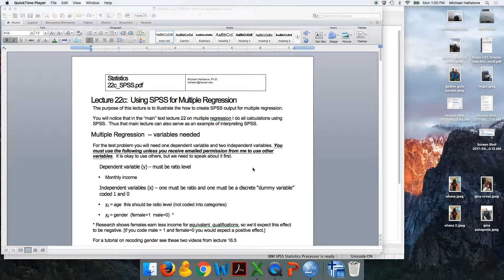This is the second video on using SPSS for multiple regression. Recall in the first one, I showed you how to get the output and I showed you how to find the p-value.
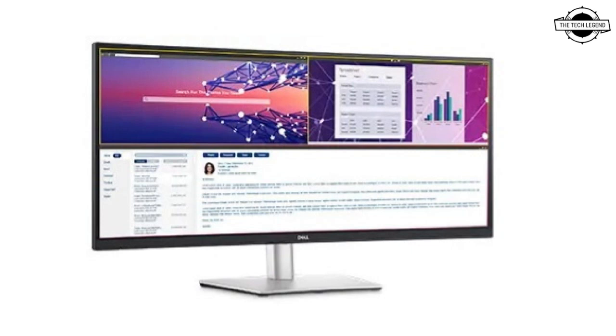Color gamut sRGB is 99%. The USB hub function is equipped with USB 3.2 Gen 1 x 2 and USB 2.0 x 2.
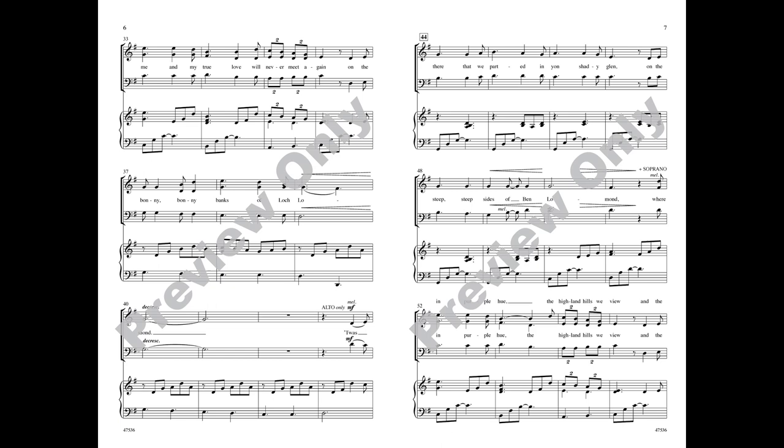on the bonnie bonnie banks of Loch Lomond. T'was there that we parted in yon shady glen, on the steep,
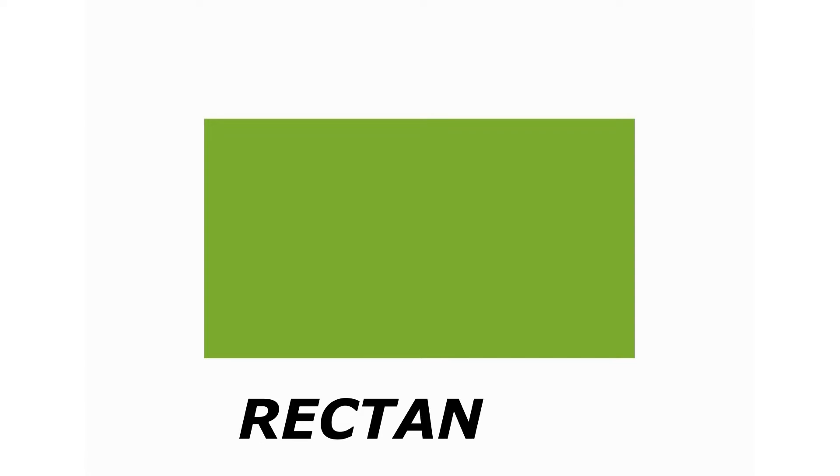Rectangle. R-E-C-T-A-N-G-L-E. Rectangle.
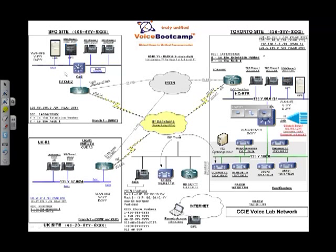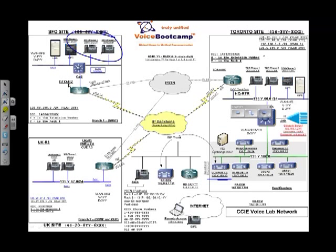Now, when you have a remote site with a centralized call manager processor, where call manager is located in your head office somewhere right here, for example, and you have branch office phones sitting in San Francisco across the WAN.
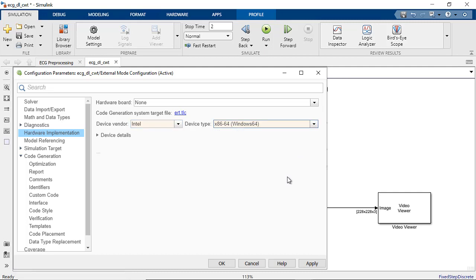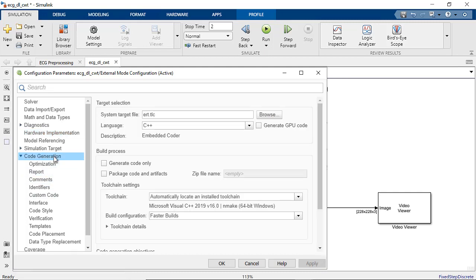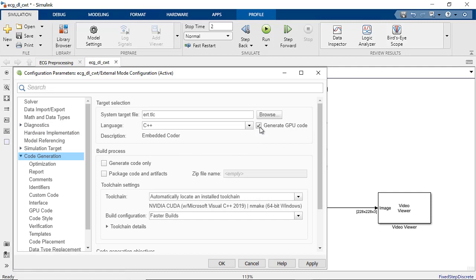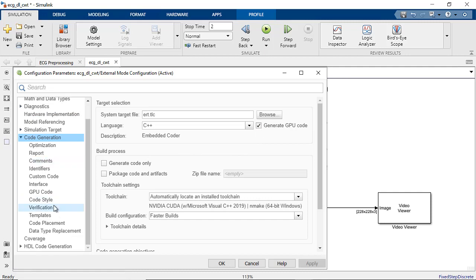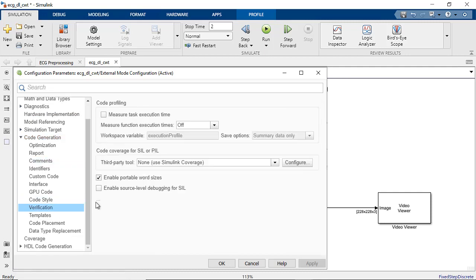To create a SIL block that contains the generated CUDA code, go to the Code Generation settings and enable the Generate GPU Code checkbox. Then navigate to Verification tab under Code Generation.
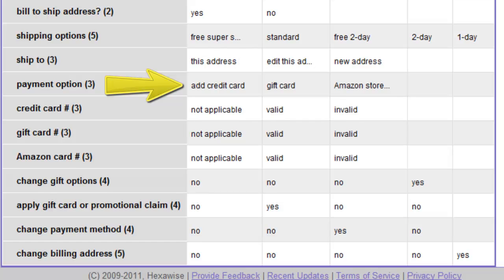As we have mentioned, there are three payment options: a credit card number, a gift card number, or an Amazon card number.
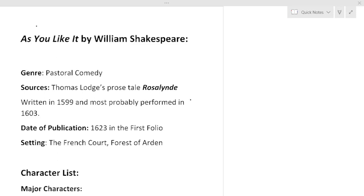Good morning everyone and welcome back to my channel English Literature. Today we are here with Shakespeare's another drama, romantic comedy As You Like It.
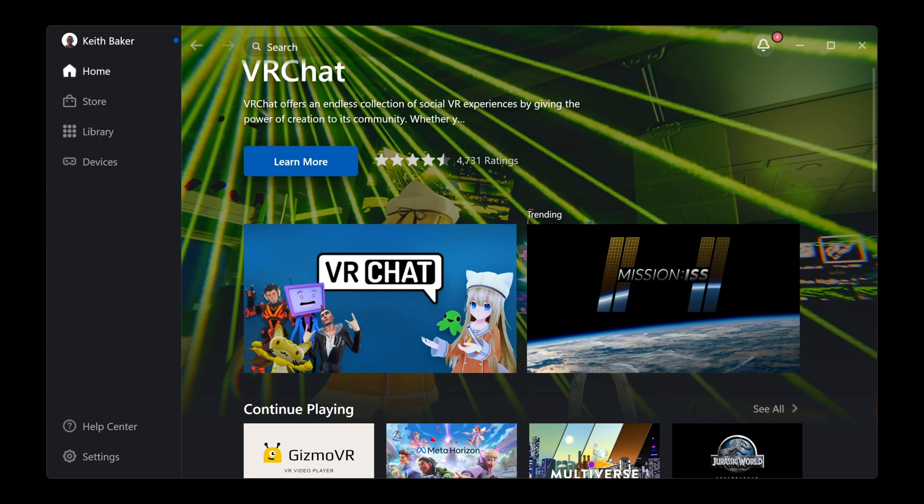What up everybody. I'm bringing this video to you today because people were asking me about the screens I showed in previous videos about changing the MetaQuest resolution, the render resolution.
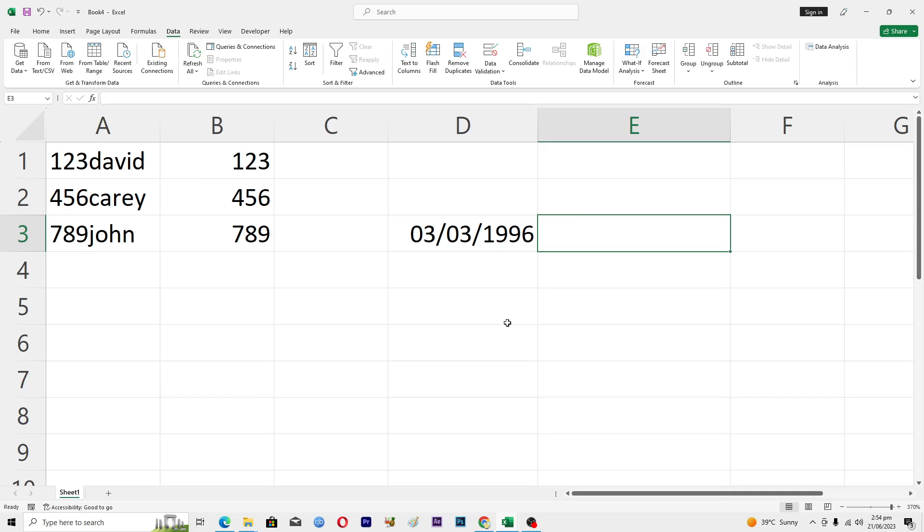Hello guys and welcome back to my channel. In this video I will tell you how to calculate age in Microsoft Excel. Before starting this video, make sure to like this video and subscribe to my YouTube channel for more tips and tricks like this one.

____

Though the entries above contain pictures, none should be copied; reproduce only the lines between the one holding "To create a" and the one holding "Good morning everyone", inclusive, exactly as written.

To create a SIL block that contains the generated CUDA code, go to the Code Generation settings and enable the Generate GPU Code checkbox. Then navigate to Verification tab under Code Generation.
As we have mentioned, there are three payment options: a credit card number, a gift card number, or an Amazon card number.
Good morning everyone and welcome back to my channel English Literature. Today we are here with Shakespeare's another drama, romantic comedy As You Like It.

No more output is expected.